公開日時 2020/03/24 04:50
国立がん研究センターや慶應義塾大学、理化学研究所などで構成される研究グループはこのほど、乳がんのタモキシフェン療法について、CYP2D6の低活性遺伝子型を有する患者に対し、増量しても治療効果の向上は認められなかったとする研究結果を発表した。研究グループは、「遺伝子型に基づく用量の個別化は不要」だと結論付けた。

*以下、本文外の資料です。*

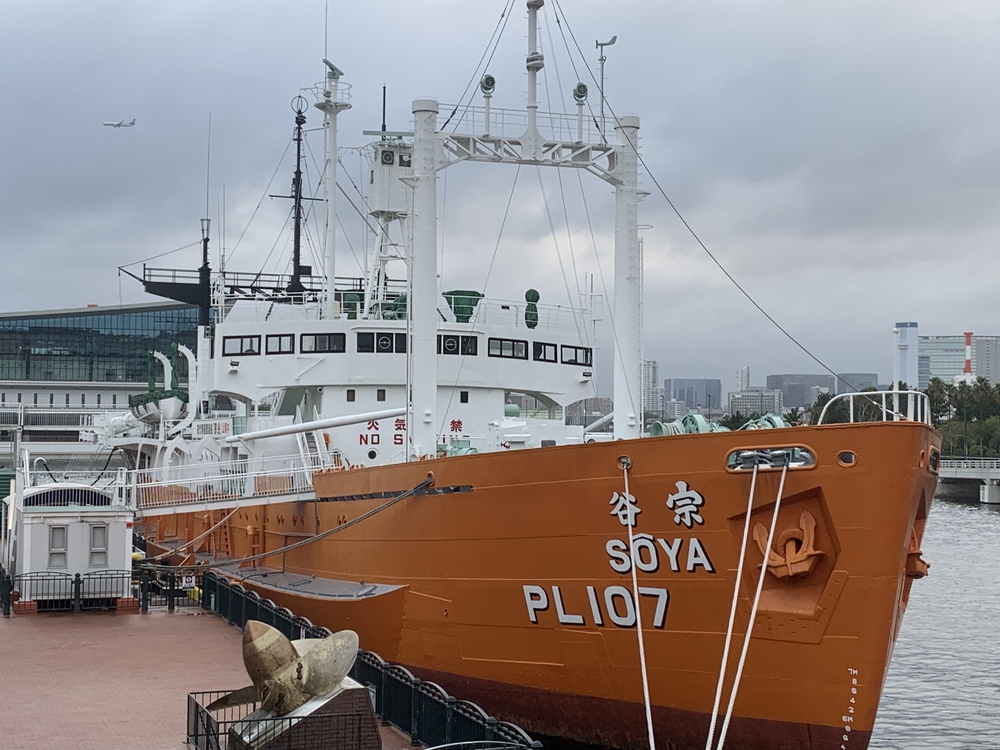 【月一沿線倶楽部】ゆりかもめトワイライトランの写真5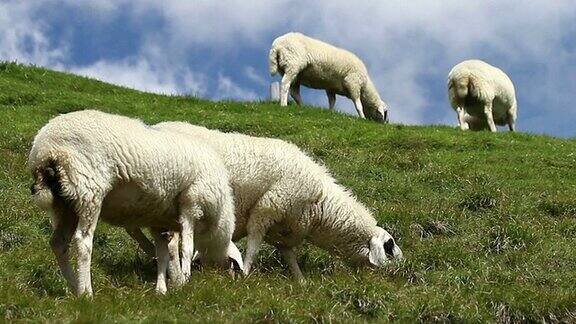 一群羊在田野上吃草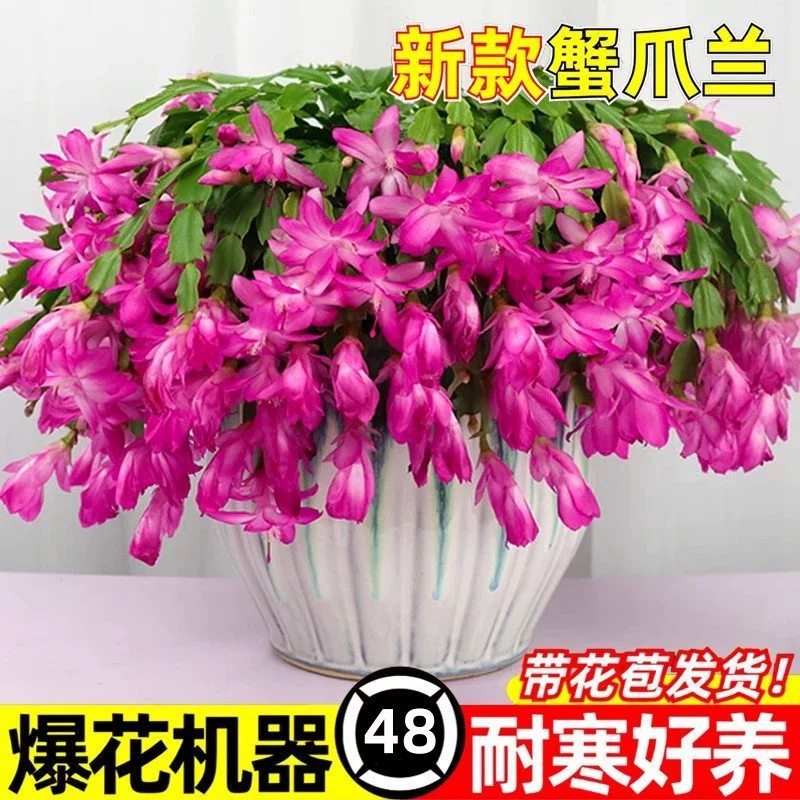 Новый продукт, рассада орхидеи с крабовым когтем в горшках с бутонами круглый год, сочные зеленые растения, орхидея с крабовым когтем в горшках, комнатное цветочное прививание
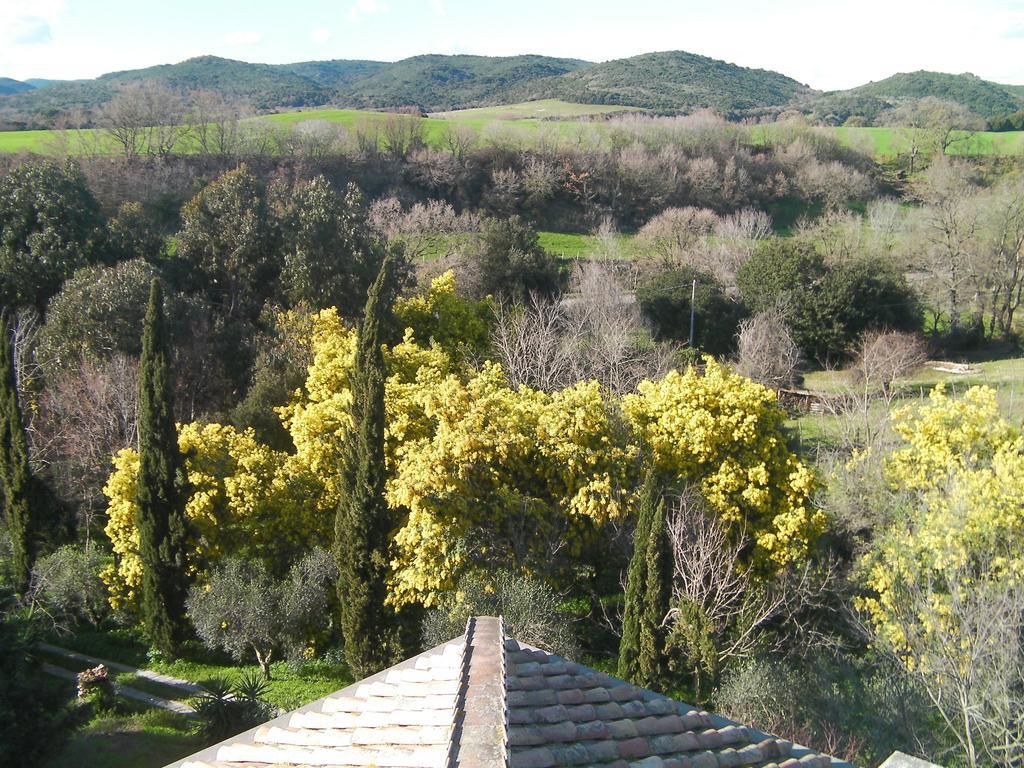 Casale Del Tiglio Bed & Breakfast Черветери Стая снимка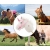 Milly Mally Hobby Koń na Kiju White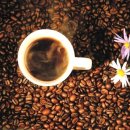 한잔어때 이미지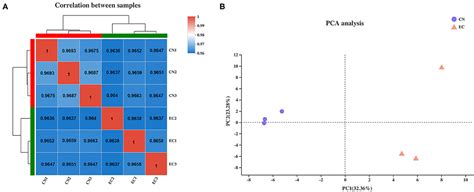 Frontiers Transcriptome Analysis Identifies Strategies Targeting Immune Response Related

研究は、ホルモン受容体陽性転移・再発乳がん(一次治療)患者を対象に、全国54施設との共同で行われた。CYP2D6遺伝子検査に基づいて、低代謝活性の遺伝素因を有していた136人を無作為に2群に分け、66例を標準用量である20mgタモキシフェンで治療する一方、70例については40mgに増量して治療した。

その結果、主要評価項目である試験治療開始後6か月時点での無増悪の割合は、20mg投与群で66.7%、40mg投与群で67.6%となり、「増量による治療効果向上は認めなかった」とした。副次評価項目である血清中の活性代謝物エンドキシフェン濃度は、「20mg投与群と比較し、40mg群で有意に高かったものの、治療効果と関連はなかった」という。このため研究グループでは、「CYP2D6遺伝子型に基づく用量個別化は不要」と結論づけた。

タモキシフェンは、肝代謝酵素のCYP2D6により、代謝産物であるエンドキシフェンと4-OH-タモキシフェンに変換され、治療効果を発揮する。しかし約7割の日本人では、CYP2D6の活性が遺伝的に低く、個別化医療の必要性が検討されてきた。海外でも2005年に米国の研究グループが、CYP2D6活性が遺伝的に低い人では治療効果が劣るという仮説を発表するなど、タモキシフェン療法とCYP2D6活性の関連を明らかにすることが長年の課題となっていた。